Thank you Italy, for contributing to the world the purest and strongest form of coffee -espresso. When coffee first arrived at Italian ports it was considered that thing the Muslims' drink until Pope Clement VIII tried it and claimed that something so good must certainly be God’s work. Shortly after, the pope famously baptized the coffee and soon coffee became the Italian staple we know these days. 


There’s plenty of ways to make coffee, but the Italian way always starts with freshly brewed espresso. Traditionally, it is drunk straight black and strong, but options are endless. Here is a list of everything you can do with your Italian espresso. 


Pro-tip: fine grounds are the best for espresso. If you are starting with ground beans, make sure to grind them as fine as possible, this is the ideal way, but if all you have is ground coffee, you can give it an extra grind. Or simply look for the espresso label in your coffee. This one should do!



Macchiato: Espresso + Milk foam. 

The amount can remain to taste, but it is meant to be more espresso than milk foam. The milk foam should just be a splash to help with the acidity and strength of the espresso. 


Affogato: Espresso + Vanilla ice cream

This is a summer favorite, but it is acceptable year round. Flavored ice cream may work as well, some of my favorites include moose tracks, cookie dough, or vanilla ice cream with brownie bites.

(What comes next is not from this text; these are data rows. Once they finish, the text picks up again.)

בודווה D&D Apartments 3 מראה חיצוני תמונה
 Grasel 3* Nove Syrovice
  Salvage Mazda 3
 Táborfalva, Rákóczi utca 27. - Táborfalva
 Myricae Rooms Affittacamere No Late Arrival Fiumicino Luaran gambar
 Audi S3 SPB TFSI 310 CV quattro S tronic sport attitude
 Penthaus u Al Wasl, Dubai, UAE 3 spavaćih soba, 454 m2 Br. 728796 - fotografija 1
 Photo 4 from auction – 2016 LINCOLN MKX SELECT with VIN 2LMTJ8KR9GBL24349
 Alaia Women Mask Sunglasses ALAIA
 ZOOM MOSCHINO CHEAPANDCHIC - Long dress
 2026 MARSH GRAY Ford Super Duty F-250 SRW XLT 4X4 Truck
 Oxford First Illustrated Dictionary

To make it extra special, simply serve a warm brownie with a scoop of vanilla ice cream and pour some hot espresso on top. 


Espresso con Panna: Espresso + Whipped cream

Panna simply means cream, so in short, this is coffee with cream. Just like the milk foam, this is meant to be a simple splash that helps with the coffee's strength and acidity, and can be done to taste, but if you truly want to make it right, never let the cream or panna overpower the coffee. 


Americano: Espresso + Hot water

Ironically, this is how Italians labeled what Americans tend to do with espresso. Simply add water and make it seem like your average brew. The good news is that the flavor is stronger than brewed coffee as the espresso process brings out a more bold and intense flavor. 


Flat White: Espresso + Steamed Milk

This one usually carries more steamed milk than espresso, and is one of the most popular drinks in Australia. 


Caffe Latte: Espresso + Milk foam + Steamed Milk

A classic. The most practical way to do it is to put in the blender some steamed milk and espresso. While blending in high, the milk foam will form by itself. Usually coffee shops and refined coffee consumers have a special milk frother wand that can create foam in seconds. 


Cappuccino: Espresso + Milk Foam + Steamed Milk

This may feel like Deja vu, because it is basically the same ingredients from the latte, but the difference here is that you should add only a splash of steamed milk. Most of the dairy should come from the milk foam. The drink is usually topped with cinnamon. 


Cafe Breve: Espresso + Steamed half and half + Milk foam

Picture a creamer latte. That’s exactly what this is, only that breve means short and it is in reference to the size of the drink. While you may serve yourself a full mug of latte, Cafe Breve is heavier due to the half and half and therefore half a mug is the proportionate serving. 


Mocha: Espresso + Whipped cream + Chocolate Syrup + Steamed Milk

The history of this drink is quite interesting and you can read a bit about it right here. The recipe is pretty straight forward and it makes for a wonderful dessert.